Wednesday, March 14, 2012

It Was Ever Thus

With candidate "Psycho Rick" Santorum whipping up the evangelicals, the nightmare of a return to the Dark Ages where church and state are bound together in a frothy mix, and all safety and hope are lost, looms.
More insane things have happened over the centuries than any writer of fiction could conceive.  The prospect of going through them again horrifies.

An example:  there was a pope named Formosus ("good looking") who reigned in Rome from October 891 to April 896.  His successor (a lovely fellow -- he had been defrocked twice) was gotten rid of after a mere fifteen days by the Spoleto family faction, who put Stephen VI on the throne.  He was in turn imprisoned and strangled in August 897, but not until after conducting something known as the Synod Horrenda in January of that year.
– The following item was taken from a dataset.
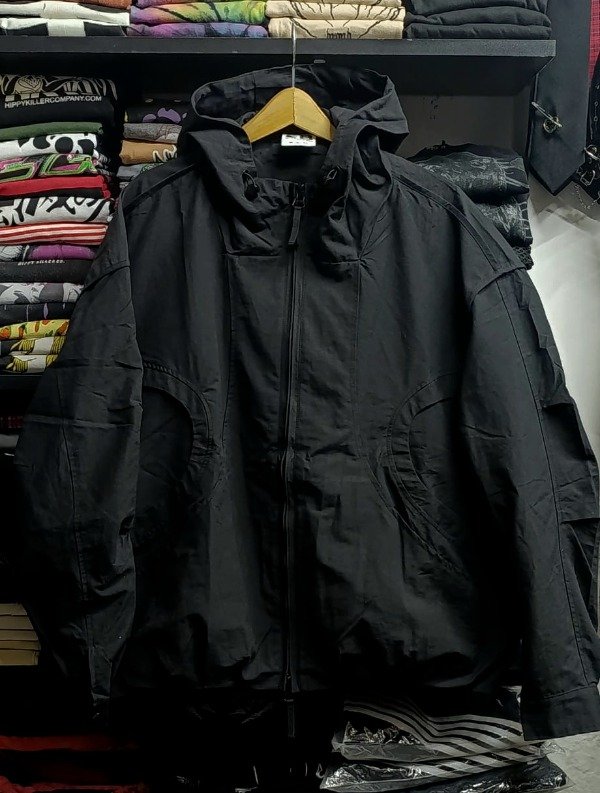 Producto - Campera Jacket Shade Impermeable Rompe viento - 0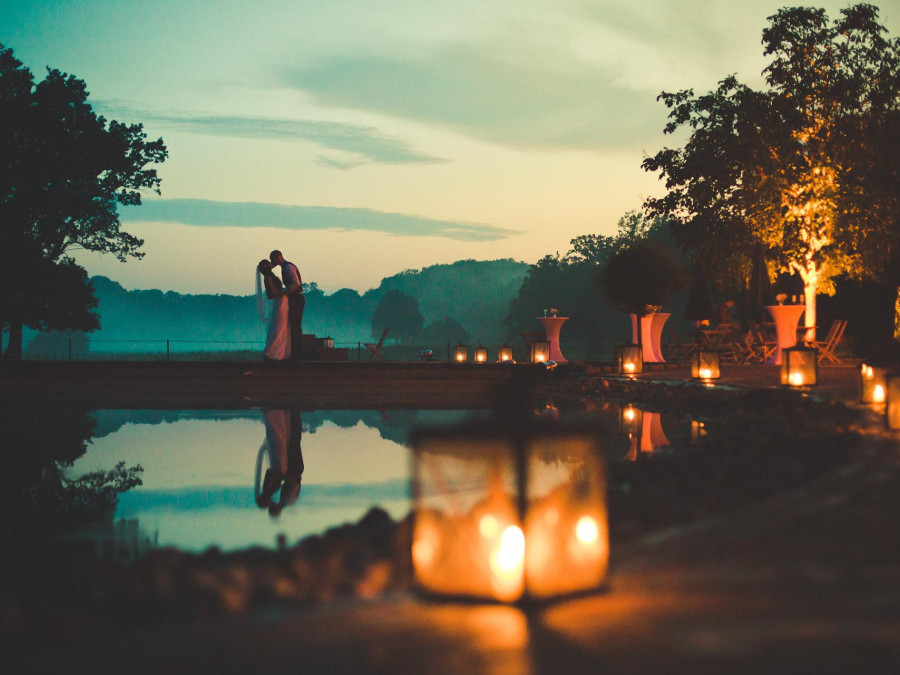 Main image for gallery Wedding Potraits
Vicar of God on Earth Stephen had Formosus' corpse exhumed eight months after death, had it dressed in the vestments and propped up on the throne, so the poor thing could be put to trial.  Our dead friend was appointed counsel, who was wise enough to remain silent.  While accused of returning to Rome when he had promised not to, and of accepting the bishopric of Rome while still bishop of the diocese of Porto, the actual complaint was that Formosus had crowned an illegitimate descendant of Charlemagne as Holy Roman Emperor after doing the same earlier for a candidate of Stephen's faction (one Guy of Spoleto).  The popes continued in this deadly engagement in temporal politics within their spiritual domain until a really ticked-off H.R.E. thoroughly sacked Rome in the 1500s.  They then focused on killing heretics, native Americans, witches and Protestants rather than tangling with well-armed states, and thus survived.

Poor Formosus, though, was not just condemned at his trial and forgotten.  The three fingers of benediction on his right hand were chopped off, he was stripped and  thrown to the mob in the streets who dragged him to the Tiber River.  Some fishermen or a monk (stories differ after 1,000 years) retrieved the corpse, reburied it, and it eventually ended up back in St. Peter's Basilica (for a while).  All his ordinations, acts and appointments were alternately reaffirmed or rejected again by succeeding popes, culminating with Sergius III re-exhuming his body again to retry and then behead it.  Later it was declared he was never a pope at all (after all that effort to humiliate him).

All these fine leaders of us mere mortals were declared infallible by Pius IX in 1870 in Council, even though that idea had already been declared heresy in 1324.  Pius also stated that among the 80 Errors that his flock could never accept were rationalism and liberalism!

And that leads us back to our current situation.  No more rationalism or liberalism, says Rick...and no taxes, no civilization, and surely no public secular education.  He was born a millenium too late!

I hope.

  

1 comment:

  1. The problem was Formosus did not have television coverage which recorded every word and motion then crop it to the correct statement for the proper audience.